Return each line exactly, beginning with the one that has "TEMU JADELOTUS 12" and finishing with the final line of the material. Drop any pictures.

### SOURCE MATERIAL:
....

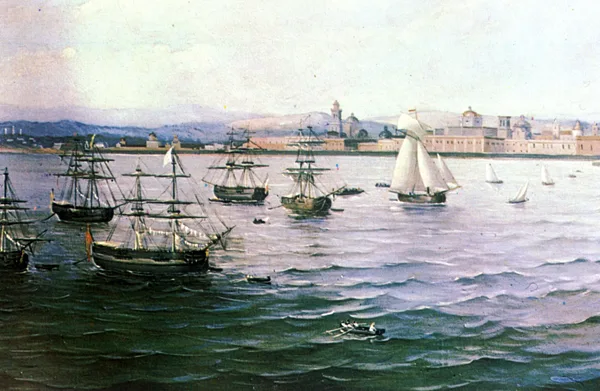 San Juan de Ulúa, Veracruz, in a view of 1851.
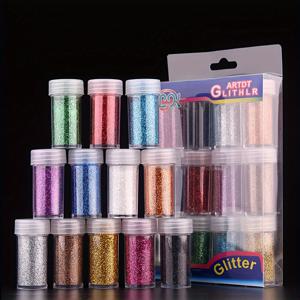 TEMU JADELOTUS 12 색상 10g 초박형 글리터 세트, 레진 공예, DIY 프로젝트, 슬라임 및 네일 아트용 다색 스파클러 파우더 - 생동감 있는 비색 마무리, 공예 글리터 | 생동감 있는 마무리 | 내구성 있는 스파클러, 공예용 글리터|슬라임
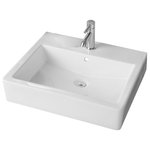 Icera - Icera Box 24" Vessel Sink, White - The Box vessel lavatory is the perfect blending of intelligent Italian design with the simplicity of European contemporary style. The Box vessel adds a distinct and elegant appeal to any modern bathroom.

....

### RESULT OF THIS TASK:
 TEMU JADELOTUS 12 색상 10g 초박형 글리터 세트, 레진 공예, DIY 프로젝트, 슬라임 및 네일 아트용 다색 스파클러 파우더 - 생동감 있는 비색 마무리, 공예 글리터 | 생동감 있는 마무리 | 내구성 있는 스파클러, 공예용 글리터|슬라임
 Icera - Icera Box 24" Vessel Sink, White - The Box vessel lavatory is the perfect blending of intelligent Italian design with the simplicity of European contemporary style. The Box vessel adds a distinct and elegant appeal to any modern bathroom.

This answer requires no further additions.